Fabio Martini cura oggi per la Stampa un bel pezzo sulle Tre Giornate di Firenze. Spiega chi viene e chi no, ma soprattutto illustra con attenzione le nostre intenzioni.

Ci chiede: vi candiderete? La vostra è una corrente? Che cosa farete dopo?

E noi rispondiamo: ci siamo già candidati e siamo anche stati eletti. Quindi, nessuna candidatura (a che cosa, poi?). La nostra non è una corrente, ma è qualcosa di più simile ad un tea party (rovesciato, s'intende, anche perché a noi serve un buon caffè, molto italiano), a una rete di persone che si riconosce nel Pd, ma che è soprattutto preoccupata di mettersi in relazione con tutti quelli che sono sulla soglia del nostro partito e con coloro che al Pd guardano in tutto il campo progressista, con curiosità ma anche con sempre maggiore disincanto. Nessuna leadership precostituita: a me viene quasi voglia di andare a Firenze sotto mentite spoglie, così me la potrò godere davvero, questa tre giorni.

Una comunità di persone tra la mitica rete e il famoso territorio che voglia lavorare esclusivamente a quello che sarà la Terza Repubblica, senza indugiare sul mefitico dibattito interno, senza parlare di etichette, di leader e di componenti. Si era parlato tempo fa di un partito dei giovani, nel senso degli elettori e non (solo) dei dirigenti: era una provocazione, ma questa componente generazionale c'è, soprattutto se si guarda all'età dell'Italia e del mondo. Che sembra un Paese che ha insieme comportamenti adolescenziali e riflessi senili (sarà per via del premier attualmente in carica?), senza riuscire a maturare scelte consapevoli e innovative.

E cosa succederà dopo lo decideremo a Firenze, alla luce dei risultati, della partecipazione e dell'elaborazione che ne emergerà.
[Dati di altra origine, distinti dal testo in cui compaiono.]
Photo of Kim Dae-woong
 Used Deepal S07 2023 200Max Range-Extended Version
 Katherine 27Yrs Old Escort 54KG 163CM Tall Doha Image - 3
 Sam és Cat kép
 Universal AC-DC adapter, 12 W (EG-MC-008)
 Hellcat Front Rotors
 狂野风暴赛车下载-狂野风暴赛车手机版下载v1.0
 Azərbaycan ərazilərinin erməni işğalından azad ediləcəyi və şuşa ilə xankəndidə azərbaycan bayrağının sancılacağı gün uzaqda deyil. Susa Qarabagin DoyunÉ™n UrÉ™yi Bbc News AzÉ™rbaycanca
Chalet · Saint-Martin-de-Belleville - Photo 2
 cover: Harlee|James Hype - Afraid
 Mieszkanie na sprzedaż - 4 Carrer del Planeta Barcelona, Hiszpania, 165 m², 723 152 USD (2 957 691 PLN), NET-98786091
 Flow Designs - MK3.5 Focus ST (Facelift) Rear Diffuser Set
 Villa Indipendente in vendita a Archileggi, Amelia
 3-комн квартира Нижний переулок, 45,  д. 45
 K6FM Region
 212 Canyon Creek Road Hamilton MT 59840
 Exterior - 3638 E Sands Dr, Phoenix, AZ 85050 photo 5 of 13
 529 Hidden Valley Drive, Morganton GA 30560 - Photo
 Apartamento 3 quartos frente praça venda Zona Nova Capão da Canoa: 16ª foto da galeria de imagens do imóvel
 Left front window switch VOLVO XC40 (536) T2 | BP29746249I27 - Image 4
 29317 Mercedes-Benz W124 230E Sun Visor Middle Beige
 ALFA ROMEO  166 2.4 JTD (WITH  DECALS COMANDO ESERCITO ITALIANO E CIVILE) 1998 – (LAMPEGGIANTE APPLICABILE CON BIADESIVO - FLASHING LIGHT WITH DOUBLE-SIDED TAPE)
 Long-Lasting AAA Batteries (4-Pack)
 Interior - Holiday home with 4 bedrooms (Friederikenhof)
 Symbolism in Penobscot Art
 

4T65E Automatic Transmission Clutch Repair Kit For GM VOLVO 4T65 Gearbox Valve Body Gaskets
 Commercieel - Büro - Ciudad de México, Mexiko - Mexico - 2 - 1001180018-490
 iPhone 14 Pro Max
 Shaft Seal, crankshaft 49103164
Certo è che la stazione Leopolda sarà solo la stazione di partenza. La prossima fermata è l'Italia. In mezzo, c'è molta strada da fare, molti incontri da promuovere, molti libri da leggere nel tragitto, tante stazioni sconosciute da frequentare. Senza gettare dichiarazioni dal finestrino, senza salire e scendere dal treno quando il convoglio è in movimento.

Se una notte d'inverno, insomma, finalmente, finisse. E ci si potesse svegliare, con un buon caffè, in un Paese che vive nel suo tempo e lo sa interpretare.